Тогда, ребенком, под впечатлением его рассказа, я мог бы сказать: это была исповедь сумасшедшего, предназначенная не для моих ушей, но я был вынужден слушать, хотел я того или нет, как будто чья-то невидимая рука, желавшая впрыснуть яд в мою кровь, удерживала меня.
Были мгновения, когда я ощущал себя дряхлым старцем: так живо вселилось в меня безумие точильщика. Я казался себе одних с ним лет или даже старше, а вовсе не подростком.
— Да, да, она была великой знаменитой актрисой, — приблизительно так начал он. — Аглая! Никто в этой жалкой дыре не догадывается об этом. Она не хотела, чтобы об этом узнали. Понимаете ли, господин Таубеншлаг, я не умею выразить то, что хотел бы. Я едва могу писать. Ведь это останется между нами, останется тайной? Как и раньше... как и раньше… с крышками… Я, собственно, умею писать только одно слово… — Он взял кусочек мела из кармана и написал на столе: — Вот это: «Офелия». А свободно читать я вообще не могу.
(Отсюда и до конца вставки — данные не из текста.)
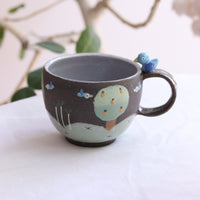 Akemi Nakamura 中村明美 Mug with Animal Deco Handle AN04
Я, собственно, — он нагнулся и заговорщически прошептал мне в ухо, — извините за выражение, — дурак. Знаете ли, мой отец, который был очень и очень сильным человеком, однажды, когда я, еще ребенком, поджег клей, запер меня в почти уже готовый железный гроб на 24 часа и сказал, что я буду заживо погребен. Я, конечно, поверил этому… Время, проведенное в гробу, было для меня столь ужасным, как долгая, долгая вечность в аду, которой нет конца, потому что я не мог двигаться и почти не дышал. Я сжимал зубы от смертельного страха… Но зачем, — сказал он совсем тихо, — зачем я поджег этот клей?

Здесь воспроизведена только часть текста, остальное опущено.